Youth Alcohol and Study Impact
Not Specified
Tags and Keywords
Trusted By




"No reviews yet"
Free
About
This dataset focuses on student achievement within the secondary education system of two distinct Portuguese schools. It captures a range of attributes including student grades, demographic details, social habits, and school-related features. The information was compiled from school reports and student questionnaires. The dataset provides two separate files, one for Mathematics (mat) course performance and another for Portuguese language (por) course performance. It is particularly valuable for modelling tasks, such as binary/five-level classification and regression, to understand factors influencing academic outcomes. The final year grade (G3) shows a strong relationship with the first (G1) and second (G2) period grades, as G3 is issued at the end of the academic year following G1 and G2.
Columns
- school: Indicates the student's school, with options 'GP' (Gabriel Pereira) or 'MS' (Mousinho da Silveira). For Maths.csv, 88% attend GP.
- sex: The student's sex, binary 'F' (female) or 'M' (male). For Maths.csv, 53% are female.
- age: The student's age, a numeric value ranging from 15 to 22. For Maths.csv, the mean age is 16.7.
- address: Type of student's home address, binary 'U' (urban) or 'R' (rural). For Maths.csv, 78% reside in urban areas.
- famsize: Family size, binary 'LE3' (less or equal to 3) or 'GT3' (greater than 3). For Maths.csv, 71% have family sizes greater than 3.
- Pstatus: Parents' cohabitation status, binary 'T' (living together) or 'A' (apart). For Maths.csv, 90% of parents live together.
- Medu: Mother's education level, numeric from 0 (none) to 4 (higher education). For Maths.csv, the mean is 2.75.

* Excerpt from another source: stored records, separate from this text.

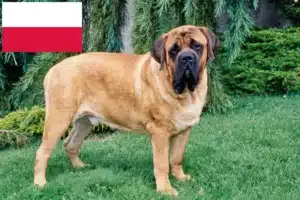 Read more about the article Mastiff-opdrættere og hvalpe i Polen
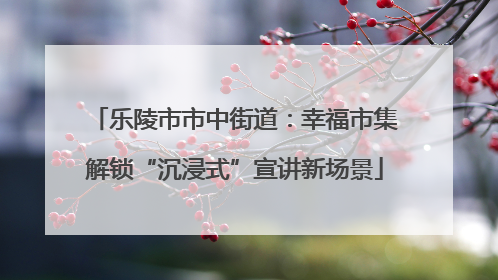 乐陵市市中街道：幸福市集解锁“沉浸式”宣讲新场景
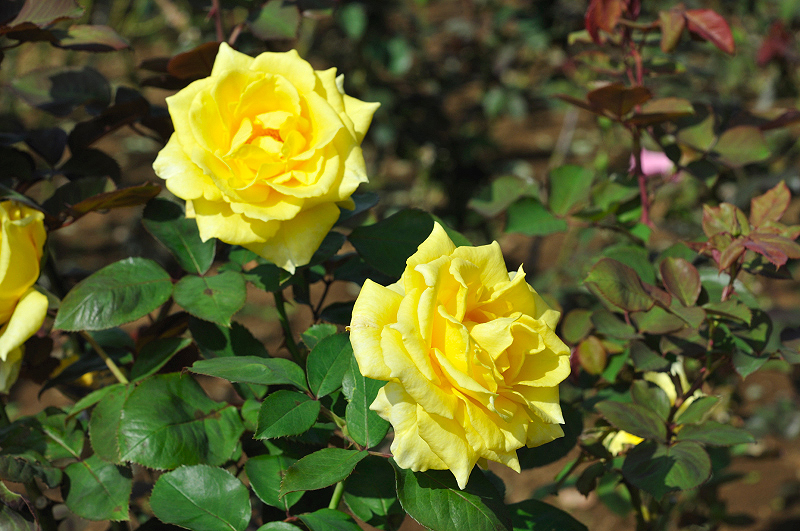 image0273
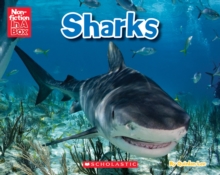 Image for Sharks in a Box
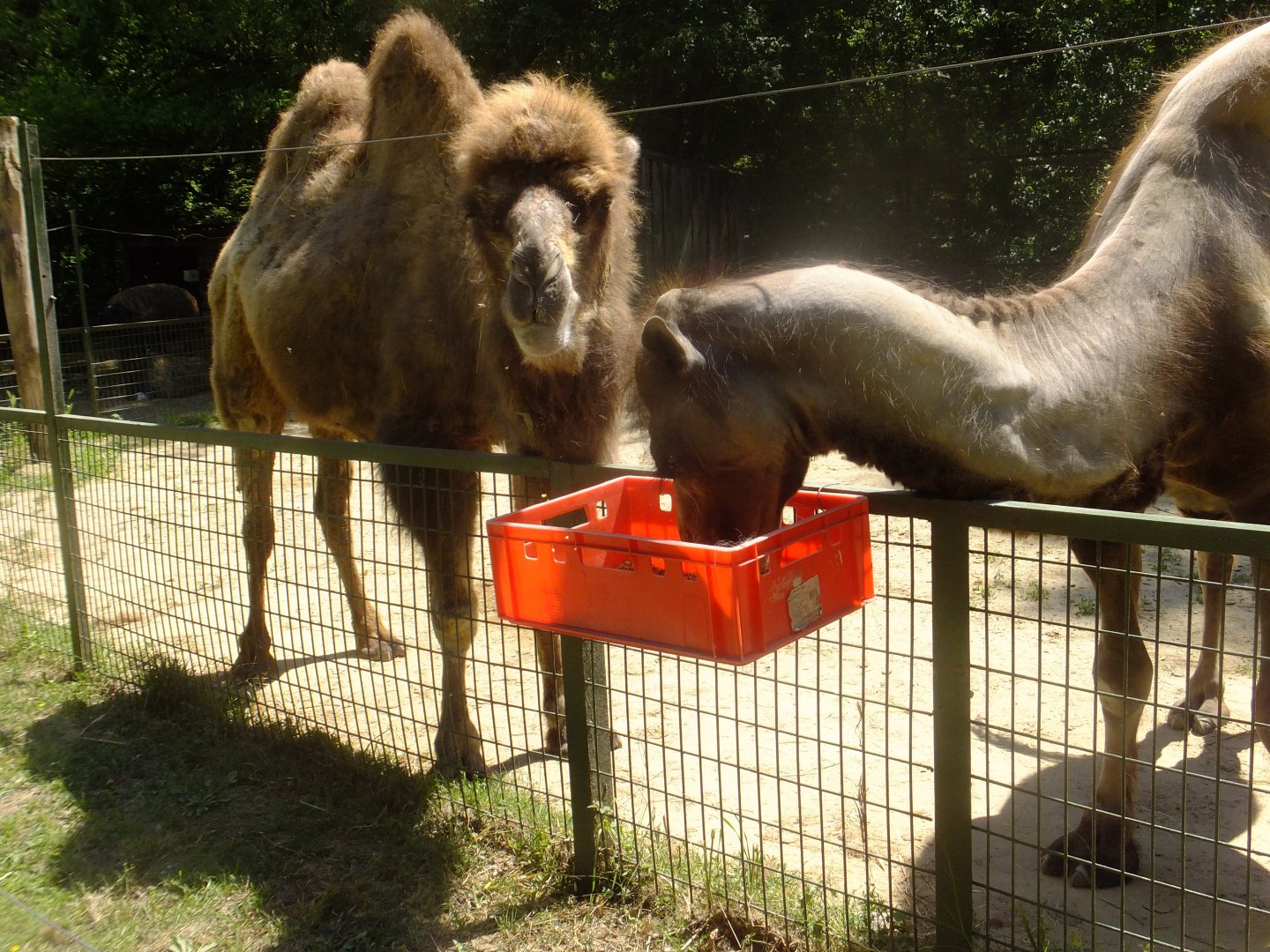 Two-humped camel feeding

- Fedu: Father's education level, numeric from 0 (none) to 4 (higher education). For Maths.csv, the mean is 2.52.
- Mjob: Mother's job, nominal ('teacher', 'health' care, 'services', 'at_home', 'other'). For Maths.csv, 'other' is the most common at 36%.
- Fjob: Father's job, nominal ('teacher', 'health' care, 'services', 'at_home', 'other'). For Maths.csv, 'other' is the most common at 55%.
- reason: Reason for choosing the school, nominal ('home', 'reputation', 'course' preference, 'other'). For Maths.csv, 'course' preference is the most common at 37%.
- guardian: Student's guardian, nominal ('mother', 'father', 'other'). For Maths.csv, 'mother' is the most common at 69%.
- traveltime: Home to school travel time, numeric from 1 (<15 min) to 4 (>1 hour). For Maths.csv, the mean is 1.45, with 257 students travelling less than 15 minutes.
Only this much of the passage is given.